Almoez Ali, il prototipo
Tra le mani di Félix Sánchez, ai tempi delle giovanili, sono passati la maggior parte di coloro che ora compongono la sua nazionale maggiore. Tra questi Almoez Ali, forse il giocatore più interessante del Qatar in questo momento. Classe 1996, ha già realizzato 36 gol in nazionale, vincendo il titolo di capocannoniere della Coppa d’Asia 2019 e della Gold Cup 2021. Lo stesso Ali è il perfetto prototipo del calciatore prodotto dalla strategia della federazione qatariota, e l’esempio più brillante di giocatore lanciato dal sistema Aspire.
Nato in Sudan, Almoez Ali si è trasferito da bambino in Qatar con la famiglia, entrando nella Aspire Academy a 10 anni. Lì ha studiato e si è formato come calciatore; finito il suo percorso nell’accademia, si è trasferito al KAS Eupen. Non ancora ventenne ha quindi fatto il giro delle squadre legate all’Aspire, finendo prima al LASK e poi alla Cultural Leonesa. Ormai di passaporto qatariota (non senza qualche dubbio) ha nel frattempo fatto il suo esordio in nazionale, affiancando gli altri ragazzi di origini africane presenti tra i convocati. Dal 2016 è tornato a giocare in Qatar, dove ha vinto tre campionati con l’Al-Duhail.

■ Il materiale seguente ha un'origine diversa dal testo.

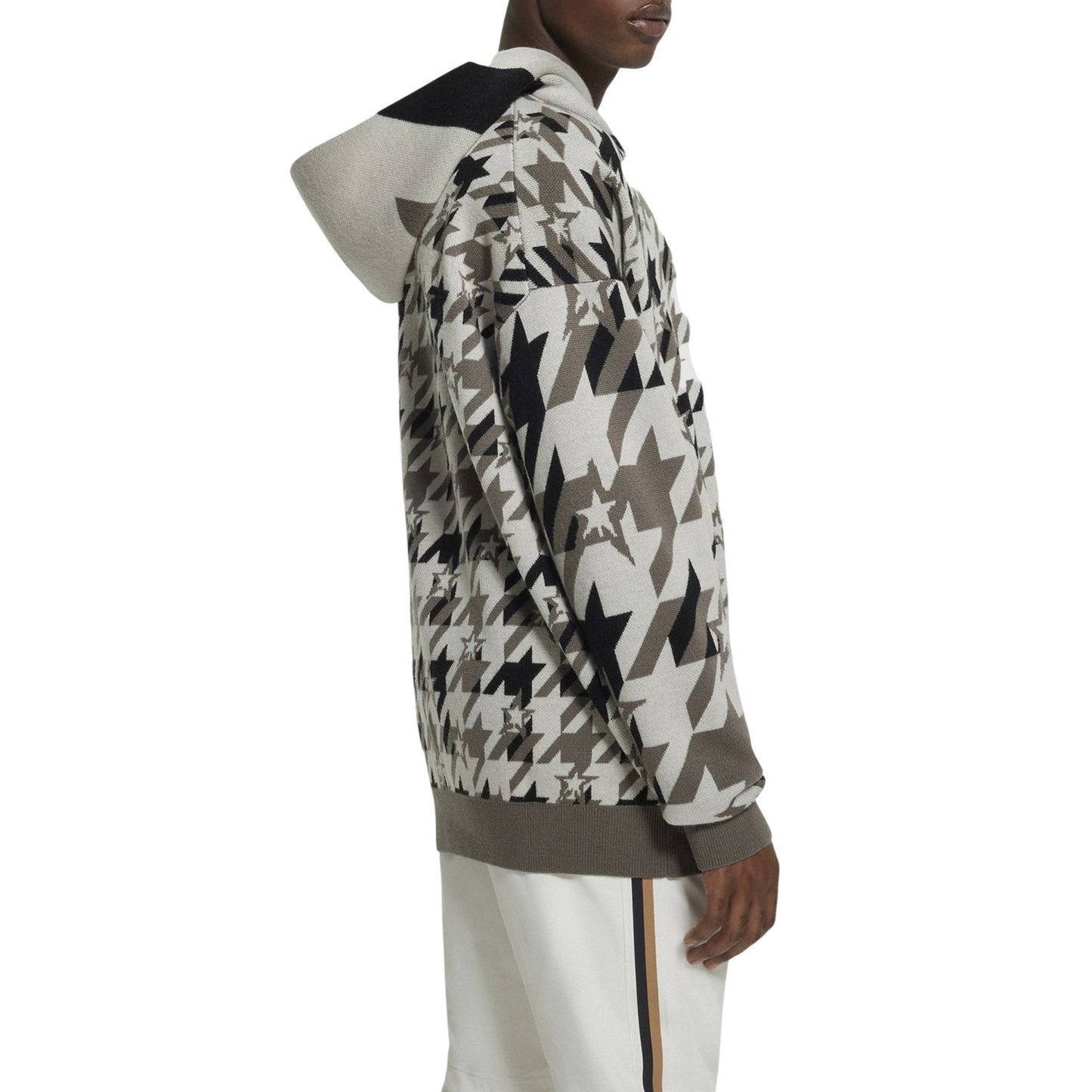 Beige - Side - Boss Mens Houndstooth Oversized Hoodie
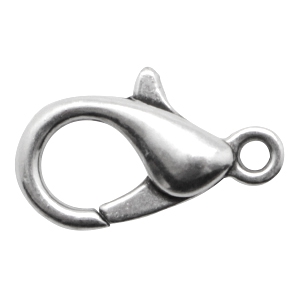 Fermoir mousqueton en m&eacute;tal DQ 23mm Argent&eacute; antique (sans nickel)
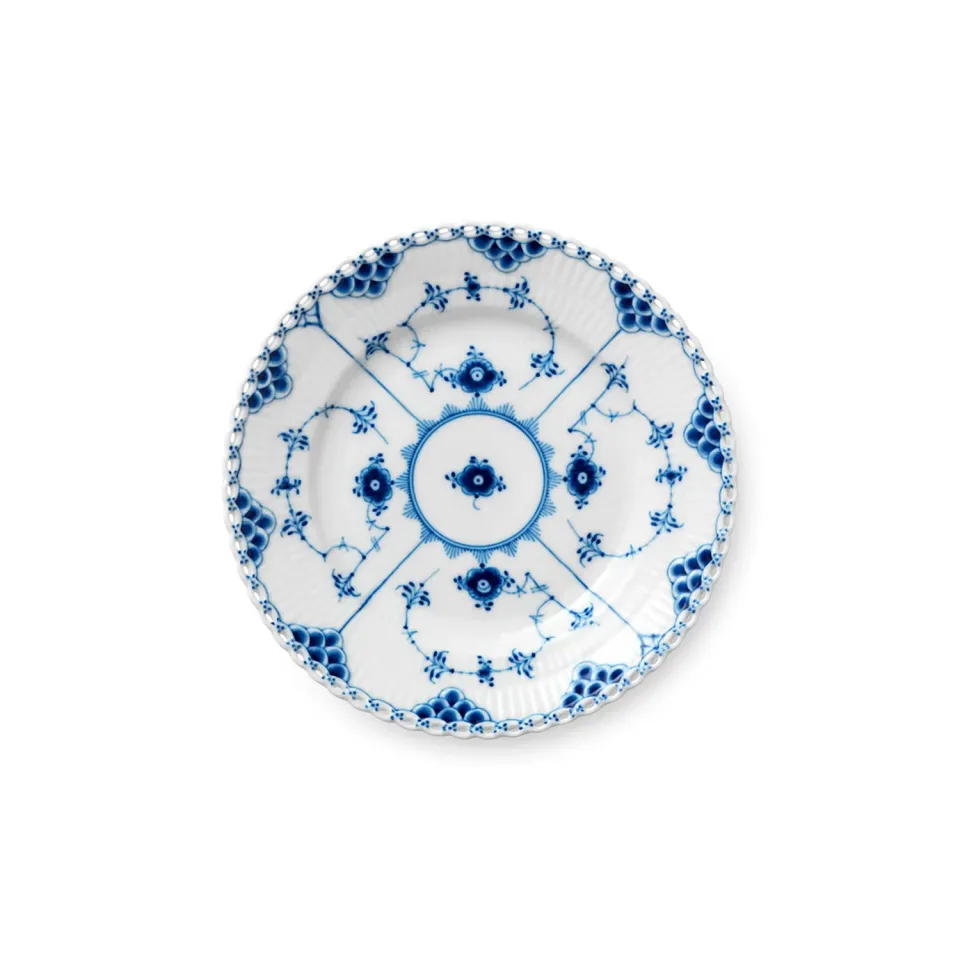 Kgl. Porcelæn Musselmalet Helblonde tallerken 17 cm blå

Come Ali sono molti altri i calciatori della nazionale che hanno seguito un percorso simile, ma il numero 9 del Qatar è il vero trascinatore della sua squadra. La sua carriera è un vero e proprio spot per il vivaio creato dalla Aspire, ma allo stesso tempo mostra tutte le contraddizioni di un sistema che si affida alle naturalizzazioni e all’uso di squadre europee, con una loro storia e tradizione, come semplici propaggini del vivaio di Doha. Sarà solo il tempo, assieme alla Coppa del Mondo del prossimo inverno, a mostrare se l’approccio qatariota sia vincente. In quel caso sarà necessario interrogarsi sul funzionamento dell’intero sistema calcio.